Ii is recommended to perform both the statistical tests (ADF and KPSS) before preparing a model for any time series data. So in summary, the ADF test has an alternate hypothesis of linear or difference stationary, while the KPSS test identifies trend-stationarity in a series.
Few properties of time series data:
Seasonality
In time series data, seasonality is the presence of variations that occur at specific regular intervals less than a year, such as weekly, monthly, or quarterly. Seasonality may be caused by various factors, such as weather, vacation, and holidays and consists of periodic, repetitive, and generally regular and predictable patterns in the levels of a time series. Seasonality suggests that certain trends will appear on a cyclical basis.

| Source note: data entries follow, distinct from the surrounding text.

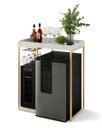 Ver imagem 1 de Aparador Bar para Adega Cervejeira ou Frigobar MDF e Metal Industrial Dourado Notte
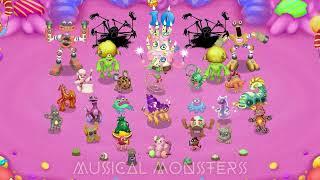 Candy Island Full song, All Monsters (2 Werdos Included) || My Singing Monsters: The Lost Landscape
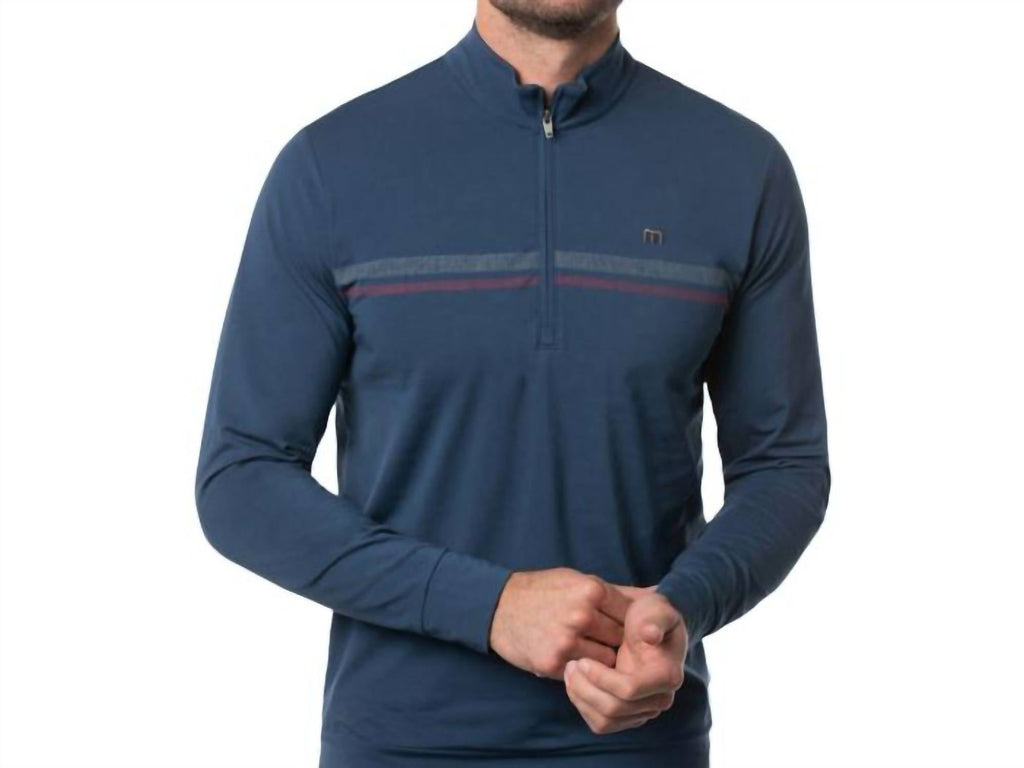 Swinging Hammock Quarter-Zip Jacket In Insignia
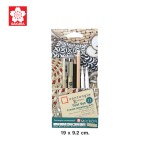 Zentangle Paper Tile and Pen Set - Square Renaissance SAKURA ZTGZ-03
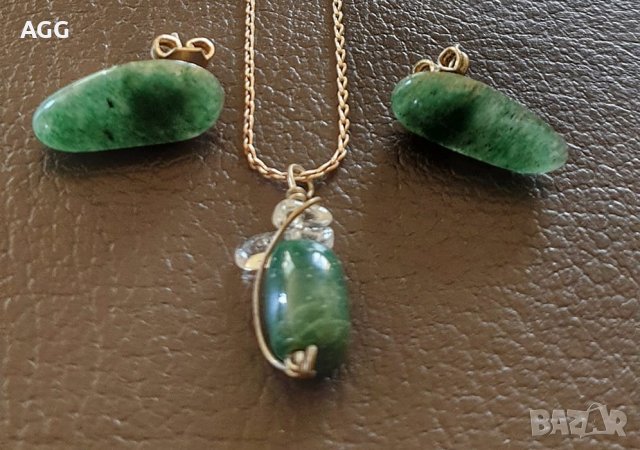 Много нежен лот от сребро и естествени камъни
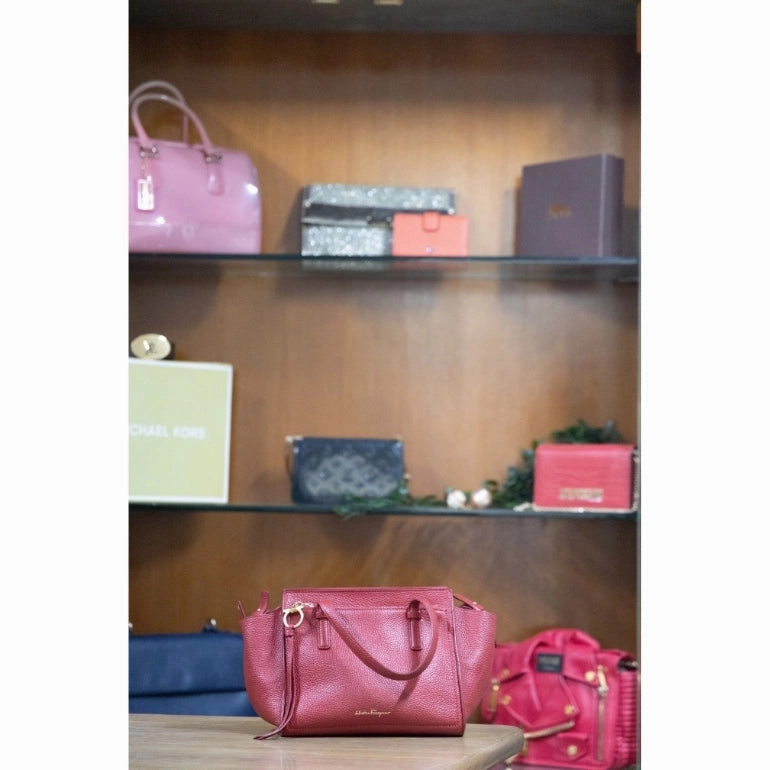 Ferragamo Amy Double Handle Satchel
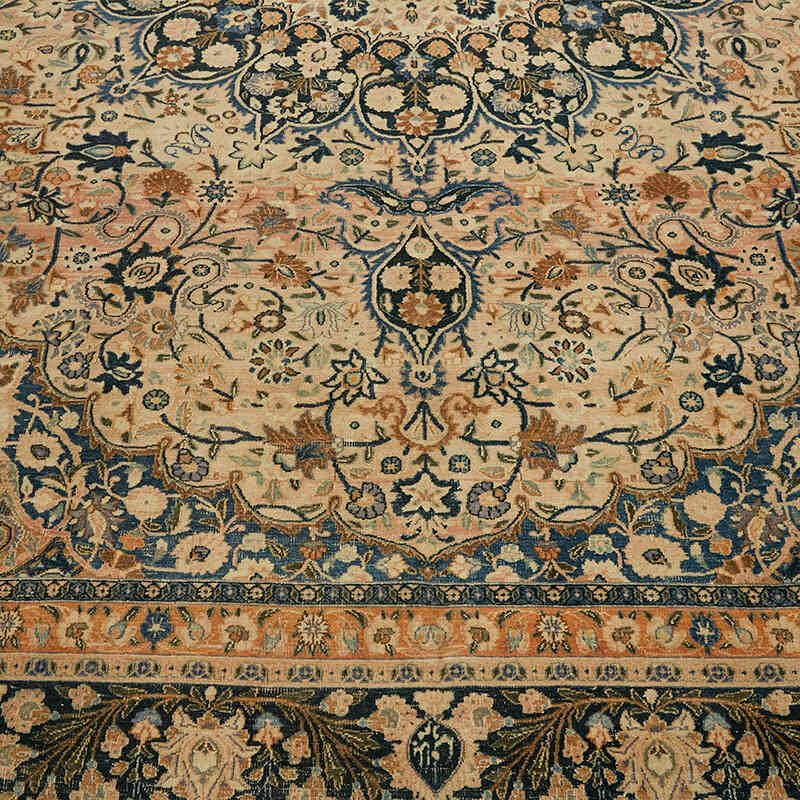 El Dokuma Vintage Halı - 264 cm x 358 cm - K0078413
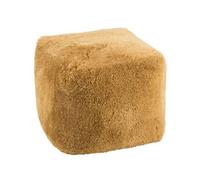 Pouf carré peau de mouton ocre Emma L 57 cm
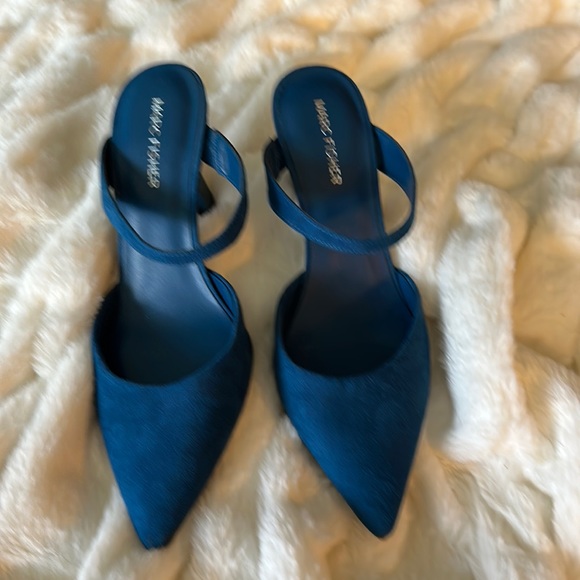 Marc Fisher Shoes - MARC FISHER, HEELS blue suede finish. EUC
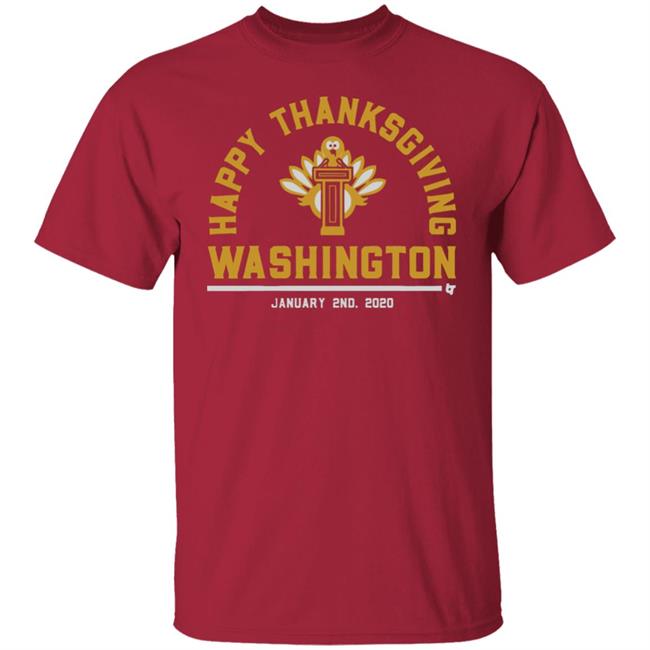 Happy Thanksgiving Washington T Shirt by BreakingT The Perfect Washington Redskins Stay-At-Home Survival Kit cardinal red shirts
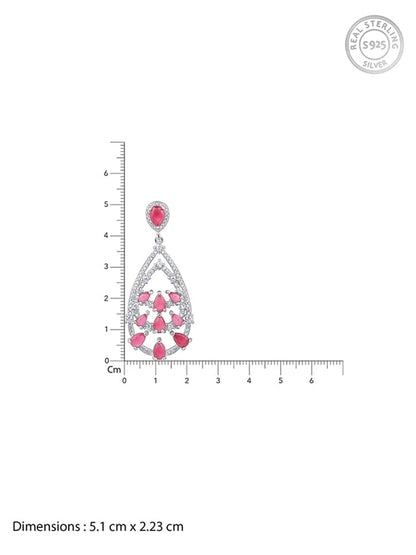 Silver Graceful Drop Earrings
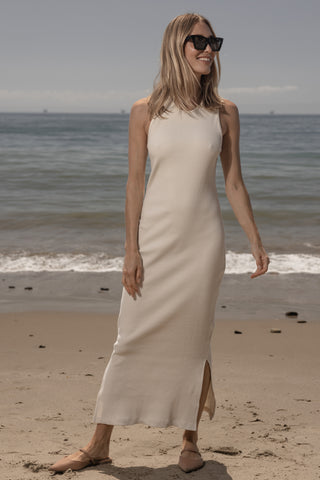 Stone Tank Dress - Ivory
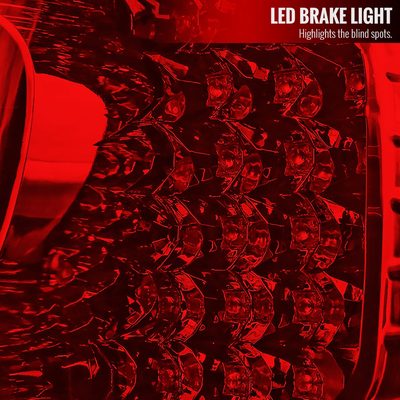 1998-2005 Lexus GS300/GS400/GS430 LED Tail Lights Chrome/Red Clear Lens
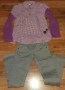 Като нови дънки Esprit и страхотна блуза за ръст 134 , снимка 1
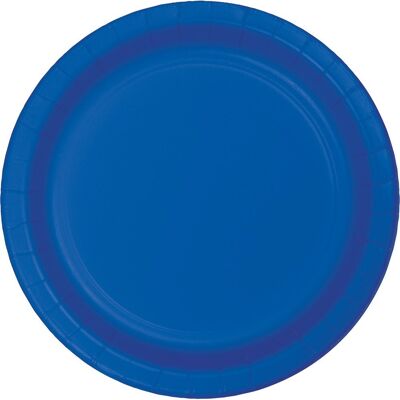 Celebrations Value Paper Dinner Plates Cobalt Blue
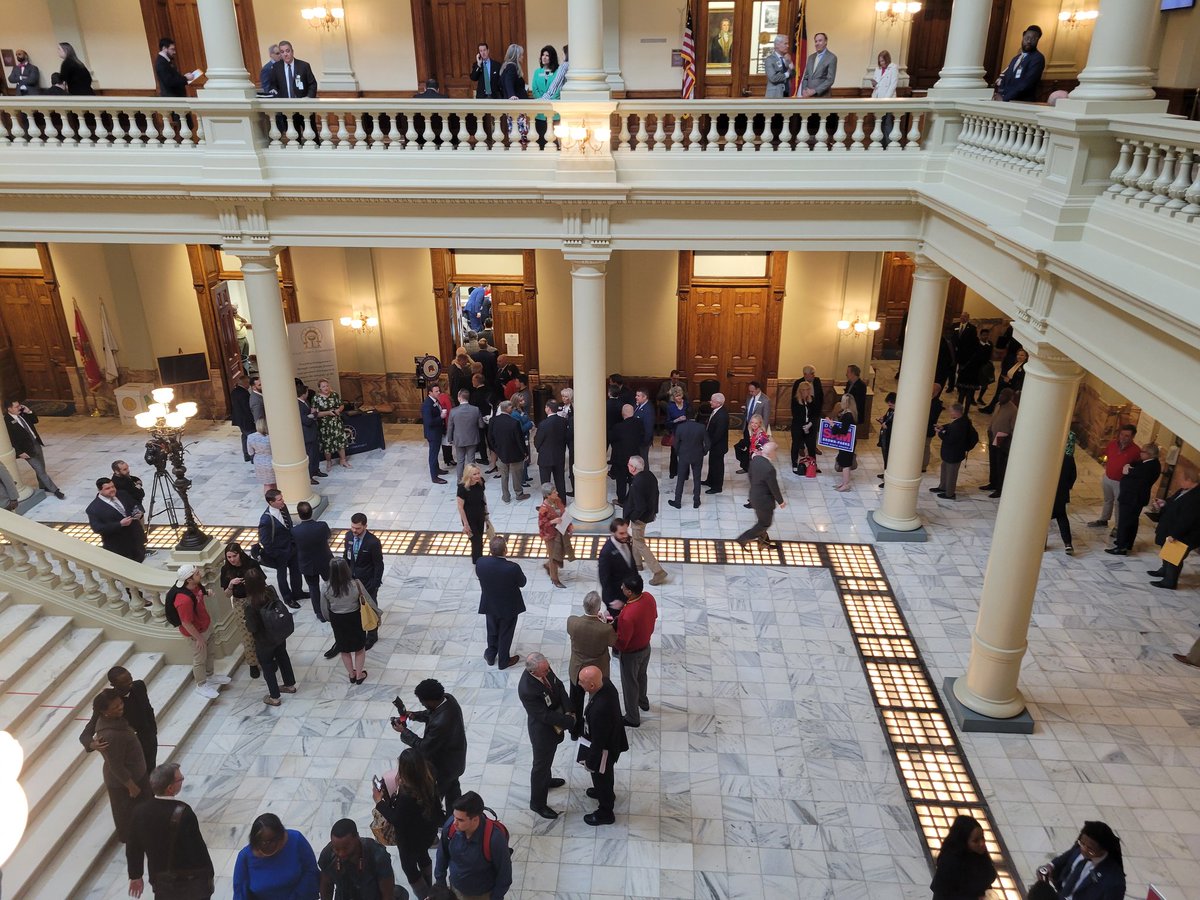 LizHausmann's tweet photo. Busy day at your #GACapitol. Candidate Qualifying week underway.  March 4-8. https://t.co/YmYCNZJL6H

One approach of testing for seasonality, is to decompose the sequence into three effects trend, seasonal and residual. The trend represents the pattern consistent throughout the data, seasonal expresses all cyclical effects due to seasonality and the residuals are the error of prediction.
reference
The simplest type of decomposition is called naive with naive decomposition, where it is expected there is a linear relationship between the three parts and the observed time series.
The two main approaches to naive decomposition are : additive and multiplicative.
Additive decomposition: assumes that for any time period the observed value is the sum of the trend seasonal and residual for that period.
Multiplicative decomposition: assumes the original series is a product of the trend, seasonal and residual values.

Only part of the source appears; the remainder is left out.